- 2909 Okunma
- 4 Yorum
- 2 Beğeni
GÖZBEBEĞİM
Gözbebeğim;
Sana yazdıklarımı bu isim altında arşivliyorum. Bunun sebebi ise seni tanıdıktan sonra hayatımın en anlamlı en önemli ve varlığımın gerçek nedeni olan varlığını gözümün nuru saydığımdan olsa gerektir.
Gene haber alamıyorum senden kaç zamandır.
Bilmem oralarda zaman kavramı nasıl işliyor.
Bildiğin gibi tüm dünya insanları bir kaç gün sonra yeni bir yıla girecekler.
Daha önce de yazmıştım sanırım. Bir başka severim yeni yıl gecelerini ben.
Yeni umutların yeni beklentilerin gerçekleşmesi dilleğinin heyecanıyla dolar yürekler.

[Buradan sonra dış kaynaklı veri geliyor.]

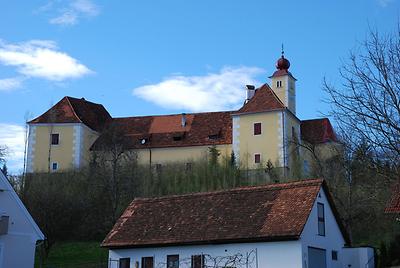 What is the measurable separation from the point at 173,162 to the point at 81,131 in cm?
1045

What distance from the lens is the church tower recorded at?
6588cm

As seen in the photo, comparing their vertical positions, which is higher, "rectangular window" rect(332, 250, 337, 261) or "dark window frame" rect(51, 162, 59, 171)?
"dark window frame" rect(51, 162, 59, 171)

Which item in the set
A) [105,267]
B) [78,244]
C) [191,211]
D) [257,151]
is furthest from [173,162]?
[191,211]

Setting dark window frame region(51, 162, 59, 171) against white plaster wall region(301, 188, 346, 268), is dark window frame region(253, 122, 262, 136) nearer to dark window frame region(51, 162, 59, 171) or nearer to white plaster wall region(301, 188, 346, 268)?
dark window frame region(51, 162, 59, 171)

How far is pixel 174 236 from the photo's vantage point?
29.4 meters

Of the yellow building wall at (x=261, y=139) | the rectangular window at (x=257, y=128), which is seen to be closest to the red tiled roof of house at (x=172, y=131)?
the yellow building wall at (x=261, y=139)

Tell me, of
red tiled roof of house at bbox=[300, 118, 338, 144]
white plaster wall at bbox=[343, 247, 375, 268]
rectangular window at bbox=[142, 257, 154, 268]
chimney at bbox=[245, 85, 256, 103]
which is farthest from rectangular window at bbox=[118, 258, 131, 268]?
chimney at bbox=[245, 85, 256, 103]

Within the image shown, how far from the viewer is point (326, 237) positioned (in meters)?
29.0

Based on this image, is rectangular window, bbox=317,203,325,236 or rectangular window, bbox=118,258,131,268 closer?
rectangular window, bbox=317,203,325,236

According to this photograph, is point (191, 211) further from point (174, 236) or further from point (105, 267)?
point (105, 267)

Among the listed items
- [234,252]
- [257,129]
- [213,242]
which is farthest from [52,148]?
[234,252]

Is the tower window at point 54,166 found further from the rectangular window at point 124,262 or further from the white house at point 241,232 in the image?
the rectangular window at point 124,262

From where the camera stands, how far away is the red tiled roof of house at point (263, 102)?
203 feet

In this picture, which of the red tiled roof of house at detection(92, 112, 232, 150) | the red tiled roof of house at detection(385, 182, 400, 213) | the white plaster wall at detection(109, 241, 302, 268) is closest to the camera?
the red tiled roof of house at detection(385, 182, 400, 213)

Ben de sarar bu heyecan. Neşelenirim. Mutlu olurum bayram çocukları gibi. Bir o kadar da hüzünlenirim.
Neden mi?
Paris’te çok soğuk bir yeni yıl gecesinde sokak kaldırımında kibrit satan küçük yoksul bir Kibritçi Kızın öyküsünü hatırlarım da ondan. Öylesine çok acıtır ki yüreğimi bu hikaye çocukluğumdan bu yana.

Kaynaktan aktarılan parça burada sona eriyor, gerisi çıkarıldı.